A House panel on Wednesday voted to invalidate Internet access rules created by the Federal Communications Commission. But they will remain in place unless Congress and the president take further action.

In a 15-to-8 vote, the Republican-led House communications and technology subcommittee voted on a bill that nullifies the FCC's so-called net neutrality rules. The bill, which uses the Congressional Review Act to overturn the rules, will now go to the full House Energy and Commerce committee.

Republican and some Democratic lawmakers have criticized the FCC for its first online access regulation that prohibits blocking and discriminatory slowdown of Internet traffic. Committee chairman Fred Upton (R-Mich.) argued earlier Wednesday at a subcommittee hearing that the regulation would hamper jobs growth in the communications sector.
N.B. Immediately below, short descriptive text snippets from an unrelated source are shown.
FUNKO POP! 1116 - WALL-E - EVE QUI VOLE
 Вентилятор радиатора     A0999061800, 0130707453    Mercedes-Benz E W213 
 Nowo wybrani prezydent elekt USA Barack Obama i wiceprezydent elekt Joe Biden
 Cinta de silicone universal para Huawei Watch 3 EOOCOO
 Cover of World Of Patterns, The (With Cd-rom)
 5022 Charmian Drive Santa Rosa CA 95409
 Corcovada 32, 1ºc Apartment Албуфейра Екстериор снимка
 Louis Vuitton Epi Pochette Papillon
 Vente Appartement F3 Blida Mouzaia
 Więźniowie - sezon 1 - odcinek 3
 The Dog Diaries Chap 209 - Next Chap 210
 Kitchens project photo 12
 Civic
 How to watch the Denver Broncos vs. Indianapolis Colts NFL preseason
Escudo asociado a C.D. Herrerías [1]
"If the FCC was truly weighing the costs and benefits of its actions, the agency would not be attempting to regulate the Internet," Upton said in his remarks.

Democrats, meanwhile, said Internet firms such as Netflix and Google say job growth would be hurt without such regulatory protections.

Consumer groups expressed disappointment in the panel's vote. They have advocated for the FCC's net neutrality rules, saying that without them, network operators could block consumers from certain services.

"The commission is in no way regulating the Internet," Gigi Sohn, president of public interest group Public Knowledge said in a statement. "It was merely attempting to return to a modest level of traditional authority needed to safeguard the rights of Internet users."

Analysts have noted that the rules will likely stay in affect despite the House panel vote. Even if the full Hosue passes the bill, it seems less likely to pass the Democratic-controllled Senate. President Obama, who supports the FCC order, would also have to sign off on the bill.

The agency, which declined to comment on the vote, is also being sued in federal court by Verizon Communications and Metro PCS over the regulations.